Complete step-by-step answer:
We have the relation $f\left( x \right).f\left( y \right) = f\left( {x + y} \right)$ … (1)
Let us take $x = 0$ and $y = 1$ ,
 $ \Rightarrow f\left( 0 \right).f\left( 1 \right) = f\left( {0 + 1} \right)$
On dividing throughout with $f\left( 1 \right)$ , we get,
 $ \Rightarrow f\left( 0 \right) = \dfrac{{f\left( 1 \right)}}{{f\left( 1 \right)}}$
 $ \Rightarrow f\left( 0 \right) = 1$
Now we can substitute $x = 1$ and $y = 1$ ,in equation (1)
 $ \Rightarrow f\left( 1 \right).f\left( 1 \right) = f\left( {1 + 1} \right)$
It is given that $f\left( 1 \right) = \dfrac{1}{2}$ , so we get,
 $ \Rightarrow f\left( 2 \right) = \dfrac{1}{2} \times \dfrac{1}{2}$
 $ \Rightarrow f\left( 2 \right) = {\left( {\dfrac{1}{2}} \right)^2}$
Now we can substitute $x = 2$ and $y = 1$ ,in equation (1)

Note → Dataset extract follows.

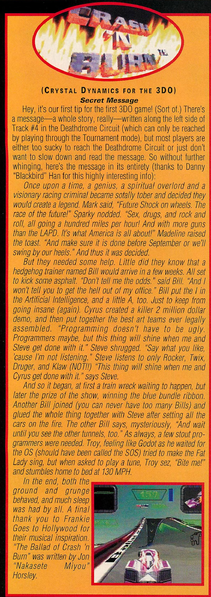 File:Crash N Burn Tips VideoGames Magazine(US) Issue 60 Jan 1994.png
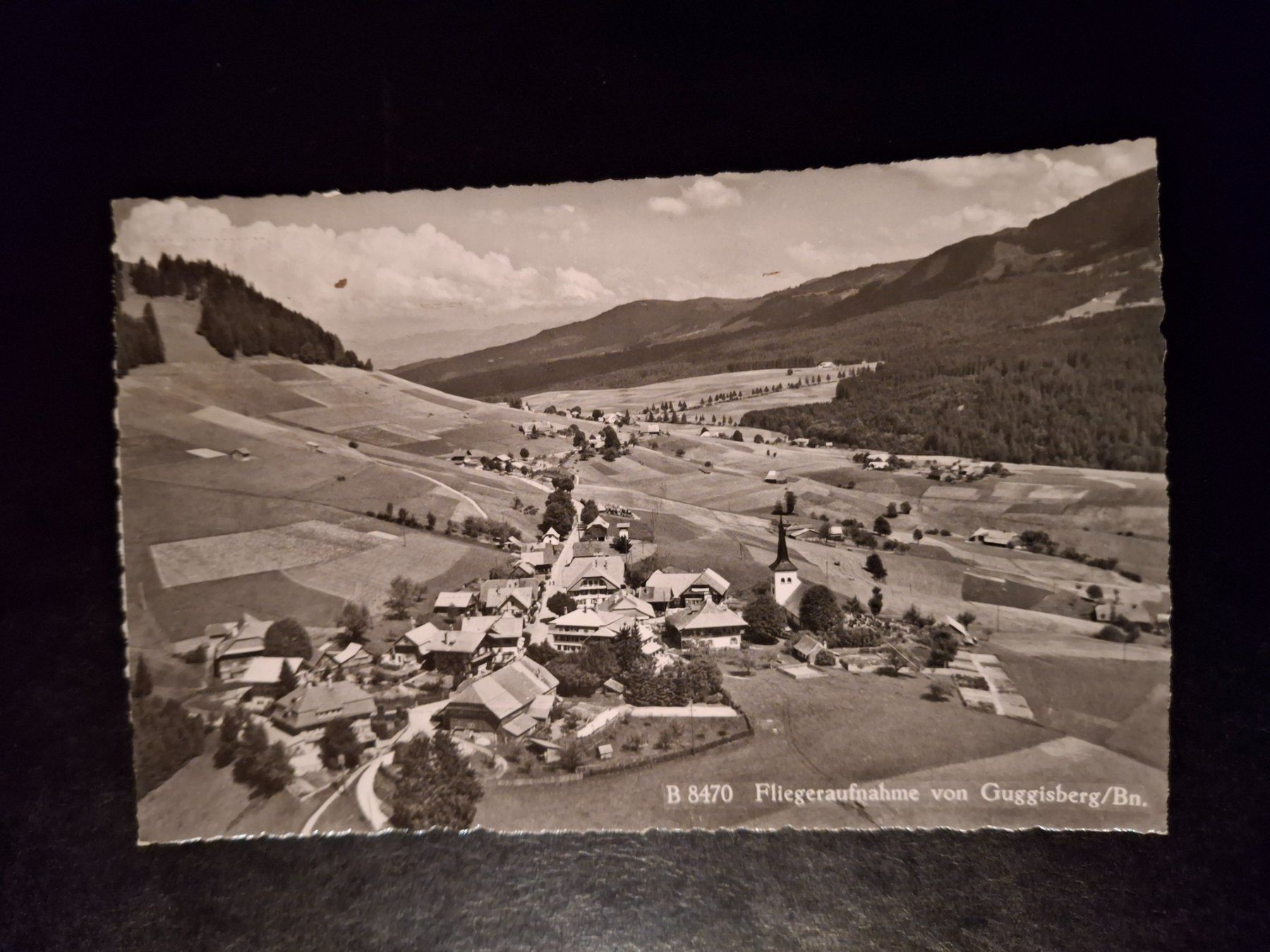 Cartoline postali: Guggisberg (BE) – Usato da Kreuzlingen venduto da Gastra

 $ \Rightarrow f\left( 2 \right).f\left( 1 \right) = f\left( {2 + 1} \right)$
It is given that $f\left( 1 \right) = \dfrac{1}{2}$ , and we have $f\left( 2 \right) = {\left( {\dfrac{1}{2}} \right)^2}$ so we get,
 $ \Rightarrow f\left( 3 \right) = {\left( {\dfrac{1}{2}} \right)^2} \times \dfrac{1}{2}$
 $ \Rightarrow f\left( 3 \right) = {\left( {\dfrac{1}{2}} \right)^3}$
So generally, we can write,
 $ \Rightarrow f\left( n \right) = {\left( {\dfrac{1}{2}} \right)^n}$ for every natural number n.
Now we can write the summation,
Let $S = \sum\limits_{r = 0}^\infty {f\left( r \right)} $
On expanding the summation, we get,
 $ \Rightarrow S = f\left( 0 \right) + f\left( 1 \right) + f\left( 2 \right) + .... + f\left( n \right)$
From the above results, we can substitute the value,
 $ \Rightarrow S = 1 + \dfrac{1}{2} + {\left( {\dfrac{1}{2}} \right)^2} + {\left( {\dfrac{1}{2}} \right)^3} + .... + {\left( {\dfrac{1}{2}} \right)^n}$
Now this forms an infinite geometric series with a=1 and common ratio $d = \dfrac{1}{2}$ . We know that for an infinite geometric series, the sum is given by the formula ${S_\infty } = \dfrac{a}{{1 - r}}$ .
 $ \Rightarrow S = \dfrac{a}{{1 - r}}$
On substituting the values of a and d, we get,
  $ \Rightarrow S = \dfrac{1}{{1 - \dfrac{1}{2}}}$
On simplification, we get,
 $ \Rightarrow S = \dfrac{2}{{2 - 1}}$
$ \Rightarrow S = 2$
Therefore, the required summation $\sum\limits_{r = 0}^\infty {f\left( r \right)} = 2$.

Note: We used the concept of functions to solve the problem. As the summation has r=0, we must find the value of the function at 0. We must find the values of the function for the 1st few natural numbers to understand the trend and formulate a general equation for $f\left( n \right)$ . For expanding the summation, we give the values 0 to n in the place of r. We know that geometric progression is a series where any term is given by multiplying a common ratio with the previous term. As the GP is an infinite GP and the common ratio is less than zero we used the equation ${S_\infty } = \dfrac{a}{{1 - r}}$ to find its sum.